La libertà come metodo è stato infine il tema della terza giornata dell’happening del Base, perché solo la libertà permette la relazione e l’ascolto di cui le donne vittime di violenza hanno disperatamente bisogno.
«Io non sono Lei – ha raccontato dal palco la coordinatrice della Cadmi Cristina Carelli – certamente lei ha vissuto quella particolare storia di violenza, ma la sua storia di donna dice molto di me e nel suo percorso di uscita dalla violenza non c’è solamente una vita che cambia, ci sono io e ci sono tutte le donne, c’è una donna che riconquista la libertà fin dal primo incontro con un’altra donna che l’accoglie, c’è un fatto politico». Una metodologia di accoglienza che il Cadmi sintetizza in due passaggi fondamentali: segretezza e anonimato e assenza di giudizio.
Un metodo, quello di Cadmi, che inizia a svilupparsi dieci anni prima della nuova legge sulla violenza sessuale, quando ancora il diritto italiano definiva lo stupro un reato contro la morale pubblica e non contro la persona.
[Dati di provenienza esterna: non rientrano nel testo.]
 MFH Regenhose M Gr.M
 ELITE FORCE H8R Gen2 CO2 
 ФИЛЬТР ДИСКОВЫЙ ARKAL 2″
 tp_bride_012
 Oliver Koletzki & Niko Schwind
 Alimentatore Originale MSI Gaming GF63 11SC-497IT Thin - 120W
Era il 1996 e il dato storico appare ancora oggi strabiliante se si considera che il resto della cultura, da quella tecnologica a quella politica, marciava con tutto un altro ritmo. Qualche esempio? In Giappone nel 1996 veniva lanciato il Nintendo, Fidel Castro nello stesso anno faceva la sua prima, storica visita in Vaticano, mente, nel nostro Paese le donne non avevano ancora ottenuto lo status giuridico di persone.
La consapevolezza dei ritardi e degli agguati alla libertà femminile, nei tre giorni dell’happening, non ha mai dato mai adito a qualsivoglia forma di vittimismo. Anzi. La violenza si è trasformata in libertà, la fragilità in forza, la paura in scelta, l’oppressione in indipendenza e le vittime in donne. Un percorso che si è nutrito di analisi, ma anche di teatro, con lo spettacolo Urlando furiosa di Rita Pelusio, che ha chiuso la terza e ultima giornata, e di proiezioni a ciclo continuo di film e documentari alla scoperta dell’evoluzione della figura femminile sul grande schermo fino alla recente contemporaneità del movimento MeToo.
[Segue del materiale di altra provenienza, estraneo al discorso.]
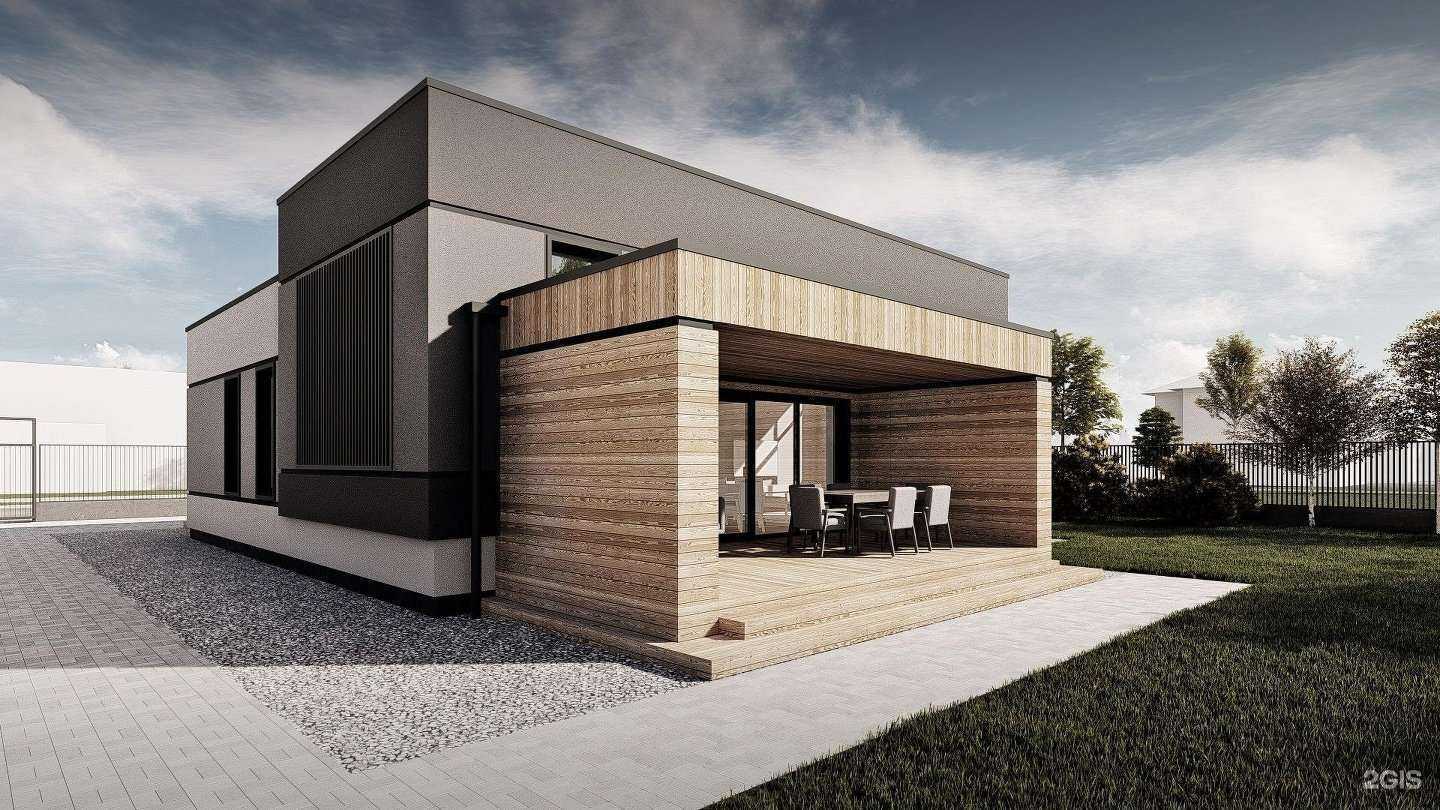 Отзывы на компанию Red в г. Тюмень c фото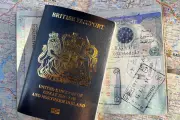 Can You Travel with a Passport Valid for Over 10 Years?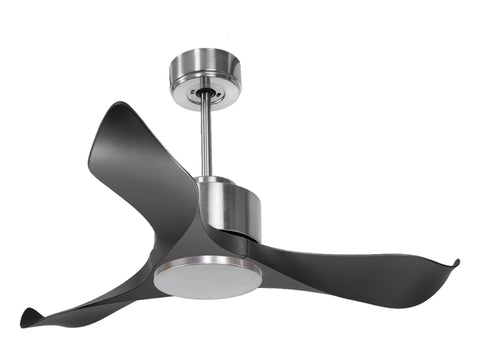 Ventilador de Techo Ultra silencioso de bajo consumo DC VulcanoD106C0266397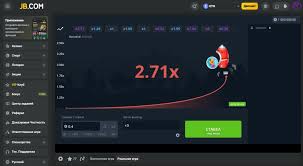 JB Casino Pakistan Review A Comprehensive Guide to Online Gaming 765180176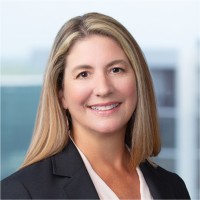 Rebecca Moore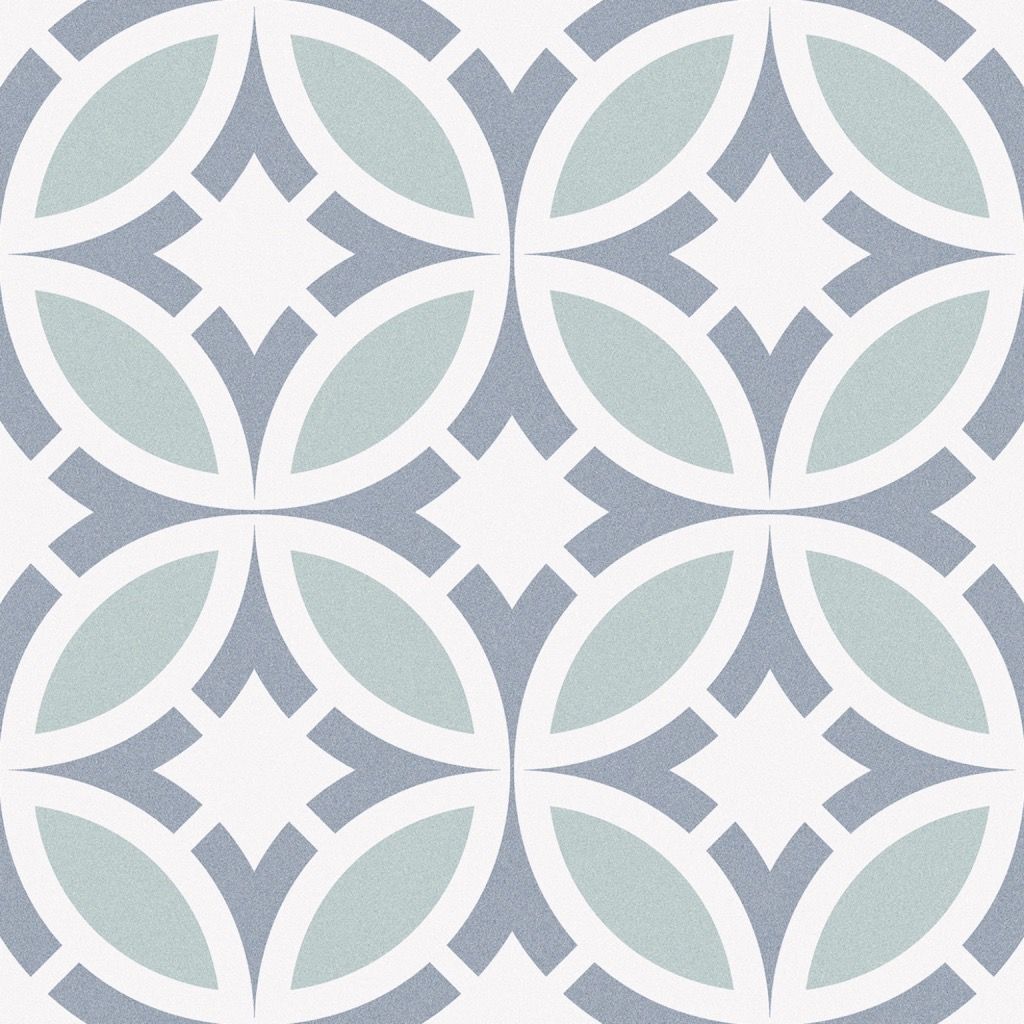 Valore Paris Comedie 25 x 25 cm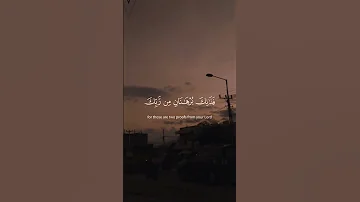 ياسر الدوسري اسلك يدك في جيبك تخرج بيضاء 
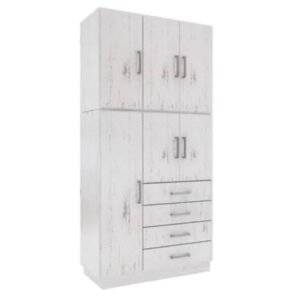 PLACARD ORLANDI 106X215 2CPOS VENECIA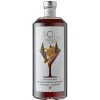 Distillerie Studer Si-Off Waldrauschen Alkoholfrei, 75 cl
L’ultimo intervento sul palco del Base è stato affidato invece a Michela Murgia che con grande schiettezza ha affrontato il tema della libertà a partire dalla propria esperienza.
«Io vengo da una famiglia abusante – ha raccontato – e per tanto tempo ho giudicato mia madre che rimaneva lì e costringeva noi a vivere in una relazione abusante, ma lei quelle catene non le vedeva e al divorzio ha votato pure contro. Per lei andare oltre quelle barriere era un conto più alto che stare con mio padre, era a suo agio nella sua prigione, era definita, sapeva chi era….Io combatto anche contro le donne, mia madre per prima».